Present fluids in the lower Frio (deeper than 4,270 m or 14,000 ft) at the Pleasant Bayou geopressured-geothermal test well (Brazoria County, Texas) are highly saline and enriched in iron, manganese, lead, zinc, and carbon dioxide, and are saturated in methane. These lower Frio waters must have migrated into the area recently because they are not in isotopic equilibrium with diagenetic albite cements formed at temperatures greater than 120°C (248°F) less than 7.5 million years ago. Isotopic and geochemical data suggest that the fluids trapped by geopressure in the lower Frio at the Pleasant Bayou well are the parent fluids of those causing salt dome cap-rock mineralization.
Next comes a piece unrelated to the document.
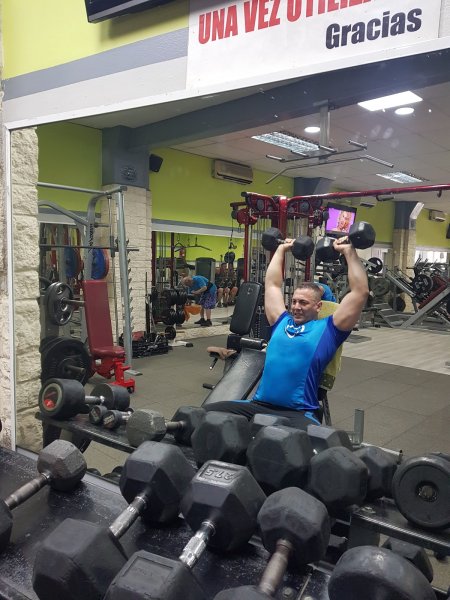 Photo de la salle de sport Gimnàs Fitness Sant Adrià à Carrer d'Àngel Guimerà, 16, 08930 Sant Adrià de Besòs, Barcelona, Spain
A deep crustal borehole proposed for the Gulf Coast will investigate the geochemical and isotopic nature of the entire diagenetic succession and should put constraints on the model proposed above. Among the many other problems to be explored using data from this well are the nature of the underlying crust, timing of rifting, and depositional and thermal history of the Gulf basin sediments.

AAPG Search and Discovery Article #91043©1986 AAPG Annual Convention, Atlanta, Georgia, June 15-18, 1986.